_Work instructions_
Using the data below, set down every line from the one containing "fiat grande panda car mockup" through the one containing "NWT Coach 68154", inclusive and unchanged. Pictures are to be skipped.

_Extracted material_
####################

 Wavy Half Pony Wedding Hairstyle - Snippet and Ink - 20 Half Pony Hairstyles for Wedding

####################

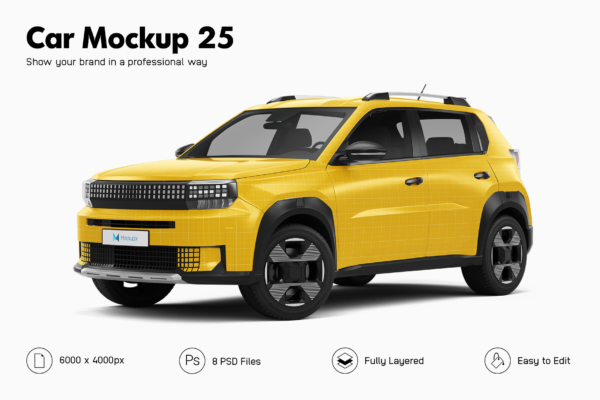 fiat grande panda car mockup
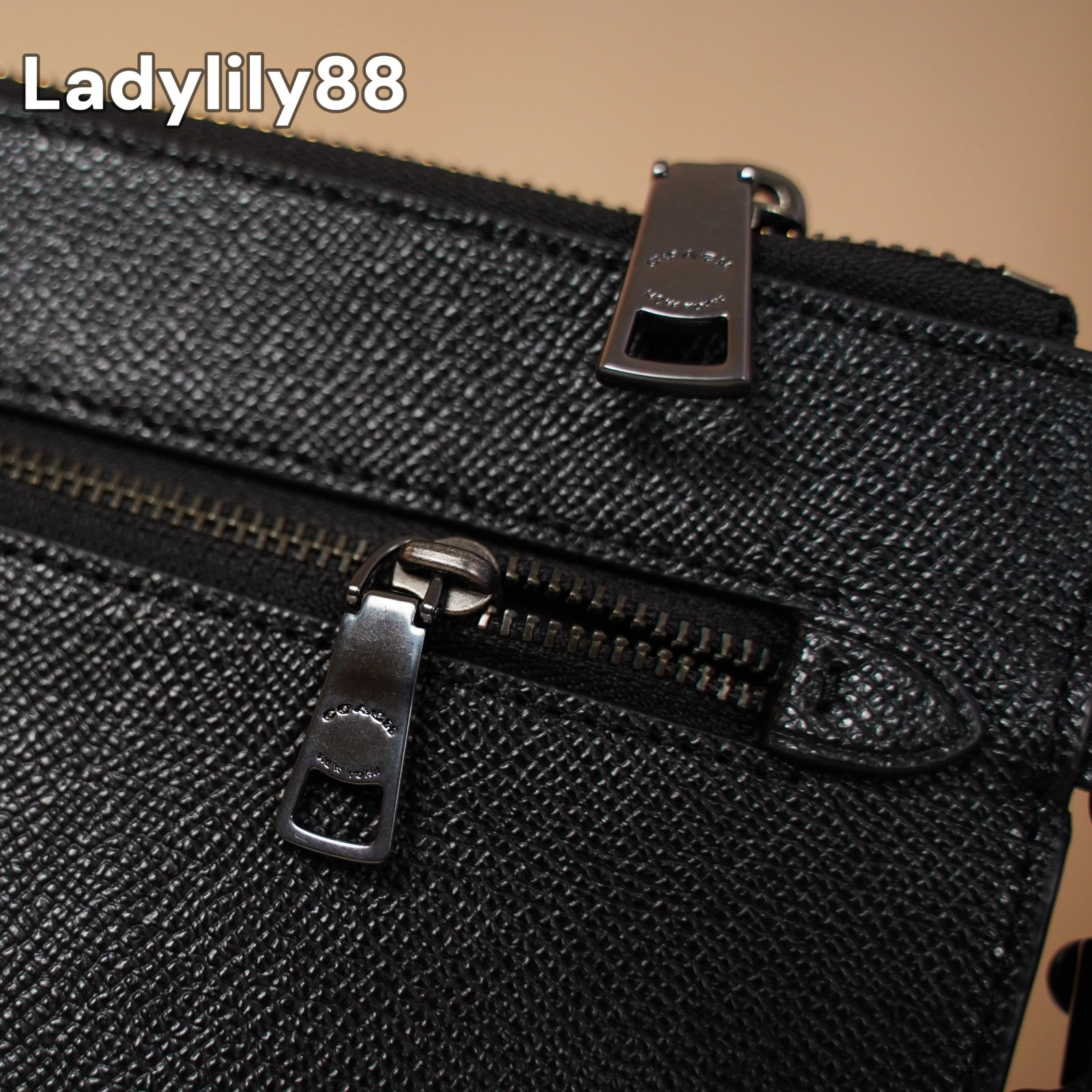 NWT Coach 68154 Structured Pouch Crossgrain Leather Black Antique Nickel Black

####################

_Solution below_
 fiat grande panda car mockup
 NWT Coach 68154 Structured Pouch Crossgrain Leather Black Antique Nickel Black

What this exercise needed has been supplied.